55 of 61 people found the following review helpful
3.0 out of 5 stars Really Good Concept; Sub-Par Execution, January 16, 2011
This review is from: The Weight of Blood (The Half-Orcs Book 1) (Kindle Edition)
The Weight of Blood is the first book in David Dalglish's Half-Orcs series which, to the best of my knowledge, is intended to be a five-part series. I picked up the Weight of Blood as part of an omnibus set that included the first three books in Dalglish's series. The series follows the travails of two half-orc brothers, Harruq and Qurrah, as they are caught up in a dark wizard's plot to start a war between the humans and the elves of the land. As opposed to typical fantasy literature, however, the protagonists are not, at least so far, the good guys. Rather, they assist the dark wizard in bloodshed, war, and chaos. In fact, this is a brutal novel, rife with visceral slaughter and carnage. If you are uncomfortable with gore and violence, don't read this book.

As the title of my review suggests, the idea behind the Half-Orcs is pretty good. The problem is in the execution. Granted, the Weight of Blood is the first book in the series (and a relatively short one at that), so these problems may, and hopefully will, be ameliorated by future volumes. Dalglish has created a very interesting world. The problem is that he doesn't really explore it at all. The events of the novel, for the most part, take place in two cities, neither of which are really fleshed out at all. The world's history is explained in bits and pieces, but not thoroughly enough to give the world realistic feel. Time devoted to world building in the sequel novel would be time very well spent.

Further, the basic plot structure is rather appealing. Yes, Harruq and Qurrah are not good people. So if you only like reading about people you can really cheer for, than this probably isn't your type of novel. Harruq is developed very well throughout the novel. Qurrah, however, appears to be pretty much developed by the start of the novel, and the author provides us with snippets of the events that molded him in the form of flashbacks or lengthy explanatory dialogue. The main problem I have is that, when you have a novel that focuses primarily on one or two protagonists, those characters need to be likeable. Now when I say likeable, I don't mean that they have to be great guys that you idolize and cheer for. But they need to be characters that you want to read about. They need to be interesting. I thought that Harruq was a very interesting character, even if his development was someone predictable. But Qurrah was a very dull character. He is immediately unlikeable, has little personality, and his part of the plot arc was, at least in my opinion, by far the least interesting. Coupled with the fact that there is a dearth of substantial secondary characters, I found myself uninterested in large chunks of the novel. The first secondary character of import is introduced about a third of the way through, and doesn't play a serious role until more than halfway through. Once she became more important, however, the story became more interesting.
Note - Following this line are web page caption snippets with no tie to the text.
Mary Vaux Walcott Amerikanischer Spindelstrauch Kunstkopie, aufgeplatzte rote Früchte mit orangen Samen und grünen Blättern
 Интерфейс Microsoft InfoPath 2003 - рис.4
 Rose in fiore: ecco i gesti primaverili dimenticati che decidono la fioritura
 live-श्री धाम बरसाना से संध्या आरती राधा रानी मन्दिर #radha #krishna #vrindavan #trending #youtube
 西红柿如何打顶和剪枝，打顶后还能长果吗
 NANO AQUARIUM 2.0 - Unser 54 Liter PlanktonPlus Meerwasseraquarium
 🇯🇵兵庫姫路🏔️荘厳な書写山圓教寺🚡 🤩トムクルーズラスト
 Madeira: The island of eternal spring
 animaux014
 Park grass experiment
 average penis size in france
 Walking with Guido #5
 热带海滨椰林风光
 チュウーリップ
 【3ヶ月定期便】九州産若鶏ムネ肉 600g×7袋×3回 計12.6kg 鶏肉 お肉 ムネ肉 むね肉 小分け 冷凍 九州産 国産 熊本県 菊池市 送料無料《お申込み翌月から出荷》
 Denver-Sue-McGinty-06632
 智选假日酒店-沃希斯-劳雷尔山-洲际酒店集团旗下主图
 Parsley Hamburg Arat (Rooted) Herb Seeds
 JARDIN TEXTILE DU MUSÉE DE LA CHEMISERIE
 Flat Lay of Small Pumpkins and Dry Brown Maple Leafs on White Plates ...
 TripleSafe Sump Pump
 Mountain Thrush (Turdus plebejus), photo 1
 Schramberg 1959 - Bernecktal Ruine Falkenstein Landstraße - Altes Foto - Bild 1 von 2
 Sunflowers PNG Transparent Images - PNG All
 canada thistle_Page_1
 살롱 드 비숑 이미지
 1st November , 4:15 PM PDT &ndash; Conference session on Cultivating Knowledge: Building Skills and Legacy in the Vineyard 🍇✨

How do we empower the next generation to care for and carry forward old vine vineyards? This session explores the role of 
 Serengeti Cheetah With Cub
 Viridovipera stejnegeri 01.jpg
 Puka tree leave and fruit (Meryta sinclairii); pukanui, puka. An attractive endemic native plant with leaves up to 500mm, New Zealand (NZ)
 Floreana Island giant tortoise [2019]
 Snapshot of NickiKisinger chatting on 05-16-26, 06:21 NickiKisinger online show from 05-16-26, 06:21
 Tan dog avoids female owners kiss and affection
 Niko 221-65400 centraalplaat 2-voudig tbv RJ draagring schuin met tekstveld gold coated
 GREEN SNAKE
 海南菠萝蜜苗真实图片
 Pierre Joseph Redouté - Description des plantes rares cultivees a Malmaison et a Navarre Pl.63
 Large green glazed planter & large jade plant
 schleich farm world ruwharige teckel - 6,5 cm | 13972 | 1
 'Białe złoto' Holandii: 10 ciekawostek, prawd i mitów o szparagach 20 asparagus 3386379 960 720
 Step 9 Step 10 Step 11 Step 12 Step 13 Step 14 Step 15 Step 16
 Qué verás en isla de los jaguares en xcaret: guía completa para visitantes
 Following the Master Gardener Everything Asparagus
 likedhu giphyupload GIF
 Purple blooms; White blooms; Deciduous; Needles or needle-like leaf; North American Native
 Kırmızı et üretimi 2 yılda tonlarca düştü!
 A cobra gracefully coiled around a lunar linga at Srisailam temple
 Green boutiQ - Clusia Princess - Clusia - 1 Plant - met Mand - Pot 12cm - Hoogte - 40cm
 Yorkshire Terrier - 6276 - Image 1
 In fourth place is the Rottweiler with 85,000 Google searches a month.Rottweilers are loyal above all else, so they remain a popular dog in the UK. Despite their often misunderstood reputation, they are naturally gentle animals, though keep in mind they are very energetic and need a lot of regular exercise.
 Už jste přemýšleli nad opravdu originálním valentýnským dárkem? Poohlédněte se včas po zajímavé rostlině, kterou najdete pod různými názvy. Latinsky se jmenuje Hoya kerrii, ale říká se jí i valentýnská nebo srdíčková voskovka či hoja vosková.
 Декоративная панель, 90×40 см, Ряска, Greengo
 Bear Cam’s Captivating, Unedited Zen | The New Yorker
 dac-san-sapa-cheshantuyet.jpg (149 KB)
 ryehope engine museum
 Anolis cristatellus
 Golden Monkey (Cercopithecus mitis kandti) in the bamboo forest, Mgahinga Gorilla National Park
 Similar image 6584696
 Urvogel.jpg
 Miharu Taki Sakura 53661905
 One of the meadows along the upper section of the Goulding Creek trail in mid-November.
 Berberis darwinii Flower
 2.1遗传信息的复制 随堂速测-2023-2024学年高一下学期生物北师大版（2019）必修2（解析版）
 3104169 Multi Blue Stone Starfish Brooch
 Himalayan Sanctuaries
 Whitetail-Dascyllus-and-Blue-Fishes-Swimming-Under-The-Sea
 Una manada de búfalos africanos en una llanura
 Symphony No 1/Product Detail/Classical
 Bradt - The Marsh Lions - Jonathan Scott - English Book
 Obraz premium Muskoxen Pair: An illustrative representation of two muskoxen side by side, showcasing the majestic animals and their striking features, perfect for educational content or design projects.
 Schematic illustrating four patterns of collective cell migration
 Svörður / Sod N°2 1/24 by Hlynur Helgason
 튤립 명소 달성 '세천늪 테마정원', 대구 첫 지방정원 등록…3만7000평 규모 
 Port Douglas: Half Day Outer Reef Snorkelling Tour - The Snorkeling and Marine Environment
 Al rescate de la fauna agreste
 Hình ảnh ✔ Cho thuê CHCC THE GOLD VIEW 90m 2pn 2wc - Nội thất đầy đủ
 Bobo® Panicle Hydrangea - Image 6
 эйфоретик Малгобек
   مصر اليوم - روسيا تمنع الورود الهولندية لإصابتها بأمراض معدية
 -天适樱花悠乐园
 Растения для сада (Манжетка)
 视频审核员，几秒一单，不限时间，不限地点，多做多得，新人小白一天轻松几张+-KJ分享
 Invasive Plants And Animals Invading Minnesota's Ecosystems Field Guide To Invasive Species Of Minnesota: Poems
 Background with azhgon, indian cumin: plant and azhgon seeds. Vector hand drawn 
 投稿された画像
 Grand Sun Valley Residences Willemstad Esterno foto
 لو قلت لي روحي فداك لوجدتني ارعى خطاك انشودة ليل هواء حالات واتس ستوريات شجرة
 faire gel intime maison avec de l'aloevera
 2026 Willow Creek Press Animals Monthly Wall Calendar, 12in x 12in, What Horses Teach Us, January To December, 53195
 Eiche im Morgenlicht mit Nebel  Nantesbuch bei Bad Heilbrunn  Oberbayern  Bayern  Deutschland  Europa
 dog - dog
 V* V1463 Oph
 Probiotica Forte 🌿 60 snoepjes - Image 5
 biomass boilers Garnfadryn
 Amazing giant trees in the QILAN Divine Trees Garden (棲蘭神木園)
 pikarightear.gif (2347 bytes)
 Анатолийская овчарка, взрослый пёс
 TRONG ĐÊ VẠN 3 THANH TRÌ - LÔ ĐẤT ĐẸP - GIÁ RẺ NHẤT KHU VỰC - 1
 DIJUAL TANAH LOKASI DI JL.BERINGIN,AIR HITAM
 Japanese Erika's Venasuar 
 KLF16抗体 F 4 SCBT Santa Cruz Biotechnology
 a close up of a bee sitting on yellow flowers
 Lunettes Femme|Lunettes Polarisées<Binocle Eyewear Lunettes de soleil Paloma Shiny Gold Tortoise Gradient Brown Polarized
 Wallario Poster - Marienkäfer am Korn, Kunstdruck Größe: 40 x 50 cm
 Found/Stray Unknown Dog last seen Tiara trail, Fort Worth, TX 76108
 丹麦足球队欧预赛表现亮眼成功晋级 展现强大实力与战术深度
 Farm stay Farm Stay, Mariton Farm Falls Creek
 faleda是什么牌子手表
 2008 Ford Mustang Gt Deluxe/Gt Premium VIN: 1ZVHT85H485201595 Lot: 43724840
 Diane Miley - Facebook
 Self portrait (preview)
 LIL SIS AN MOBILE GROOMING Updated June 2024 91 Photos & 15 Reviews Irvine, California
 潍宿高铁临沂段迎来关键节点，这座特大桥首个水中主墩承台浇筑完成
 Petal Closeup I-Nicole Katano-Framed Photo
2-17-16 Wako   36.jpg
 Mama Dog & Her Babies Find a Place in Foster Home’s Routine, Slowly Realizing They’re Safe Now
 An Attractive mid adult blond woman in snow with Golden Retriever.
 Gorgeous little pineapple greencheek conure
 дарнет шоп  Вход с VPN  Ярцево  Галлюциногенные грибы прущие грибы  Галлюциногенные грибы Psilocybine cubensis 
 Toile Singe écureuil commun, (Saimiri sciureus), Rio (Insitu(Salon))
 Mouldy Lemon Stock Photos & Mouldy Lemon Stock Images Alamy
From a creative standpoint, as I said, the novel is pretty well conceived, even if the world and characters need to be substantially fleshed out. The weaker aspect of the novel, however, is in the quality of the writing itself. Dalglish typically writes in very short sentences which, at times, can be a major strength, particularly when trying to establish a fast or frenzied pace. But the prose did not flow at all. The sentences were very choppy. Reading the book was kind of like sitting in bumper to bumper traffic: it's getting you where you want to go, but there's a lot of starting and stopping before you get there. Dalglish demonstrates much greater proficiency when writing dialogue than when writing narrative. Finally, the novel felt very immature at times. I don't mean necessarily juvenile, because the themes of the novel are very mature. But at times it felt as though the novel were written by a young adult. Some of the scenes were simply silly (and not in a humorous way), sometimes the dialogue was laughably cheesy. And there was never a single moment where I was impressed by the quality of Dalglish's writing.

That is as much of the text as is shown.